As the 22-day ban on netting hilsa goes the fishermen across the country have become busy again catching the delectable fish from the Bay of Bengal and different rivers.
In order to increase the production of hilsa, massive publicity, administrative restriction, jail-fines were all in place to ensure the ban. The Fisheries Department claims that the production will surpass past records as the ban on the catch of mother hilsa has been completely successful.
However, there has been a mixed reaction to the success of the operation among fishermen. Fishermen believe that if the government support increases and there are simultaneous restrictions in neighboring countries, production will further increase.
Hilsa researchers said the main purpose of banning hilsa catch at this time is to protect mother hilsa, so that they can safely lay eggs in rivers. They said at least 7,40,000 kgs of egg were released last year alone. If half of it is fertilised and even 10 percent of it survive, 37 trillion hilsa fries or jatka can be found.
Regarding the initiative to protect the mother hilsa this time, hilsa researcher Dr Md Anisur Rahaman, chief scientific officer of Bangladesh Fisheries Research Institute, Chandpur, told the Bangladesh Post that due to the low pressure in the sea, this time more hilsa have been able to enter rivers and lay eggs. Hopefully, this year's total hatching may increase by 10 percent.
Jatka protection program we started in Bangladesh from 2003-2004. In the first Bangla month of Ashwin since 2008, it has been banned to catch hilsa for 11 days before and after the full moon. Later, the ban was imposed for 22 consecutive days in conjunction with the full moon and the new moon.
Fisheries officials said the production of hilsa has been steadily increasing due to protecting jatka and mother hilsa during the period of ban. Not only that, overweight hilsa is also available now. Three lakh six thousand tons of hilsa was caught in the country in 2014-15 financial year, it has increased to five lakh 33 thousand tonnes in 2018-19. The average weight of hilsa has increased by 350 grams in the last three years.
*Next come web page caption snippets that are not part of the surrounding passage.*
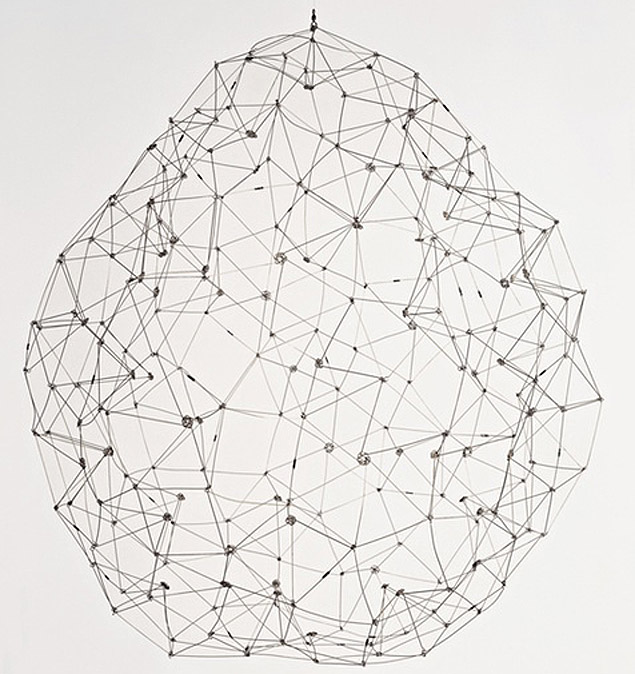 "Sphere" (1976), de Gego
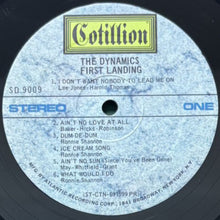 画像をギャラリービューアに読み込む, DYNAMICS / FIRST LANDING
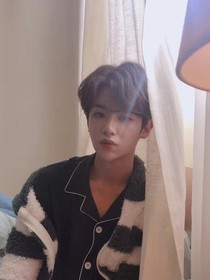 all昊：雾里走散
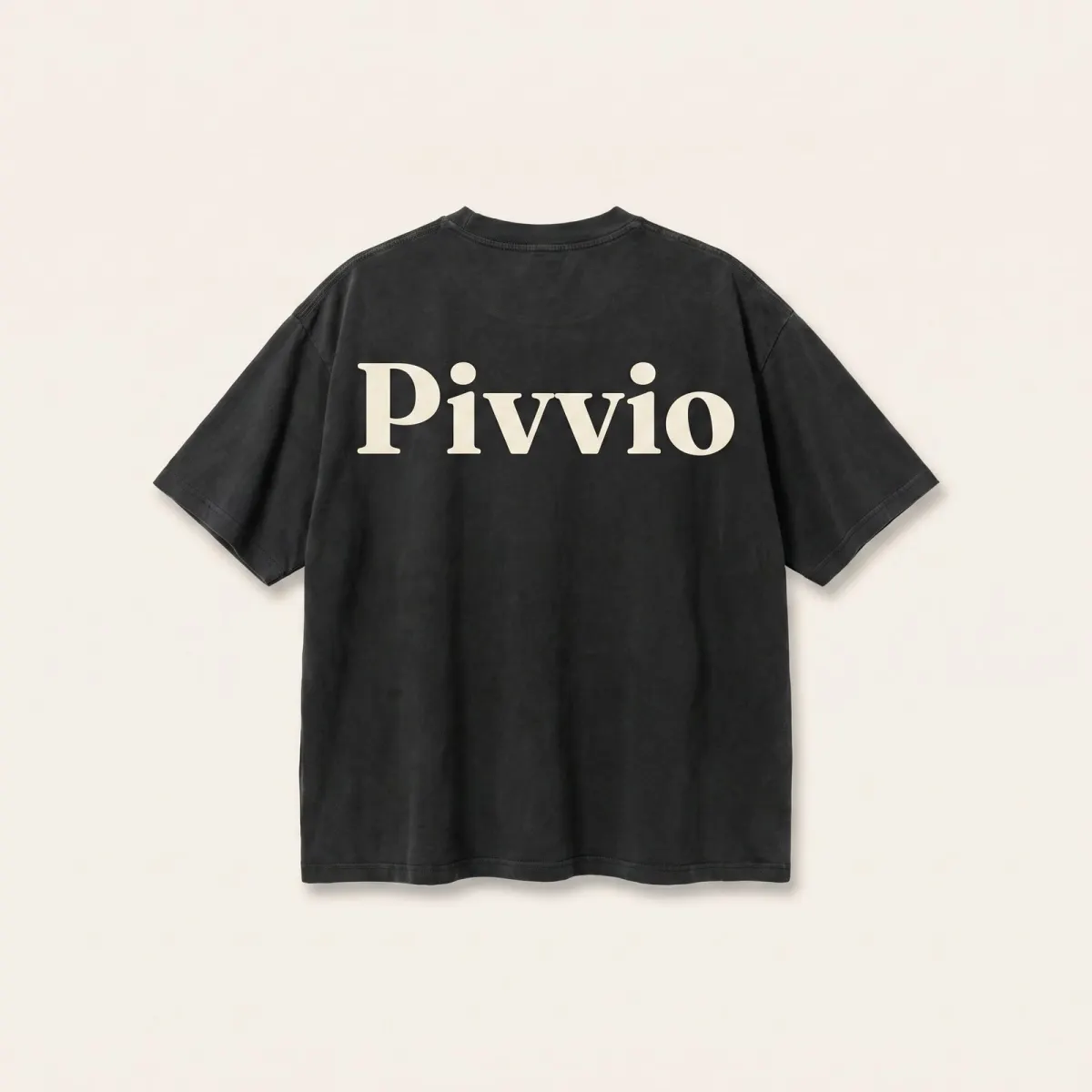 Heavy tee with the Pivvio logo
Several fishermen in coastal belt said that Indian fishermen have been fishing freely in the Bay of Bengal for the last few years in the ban period. And the ban is not being fully successful.
Fisheries and Livestock Minister SM Rezaul Karim said, "This time our initiative has been a total success in the breeding season of hilsa. This time our police and coastguards took strict measures. As a result, even the fishermen of the neighbouring countries could not enter the border of Bangladesh.”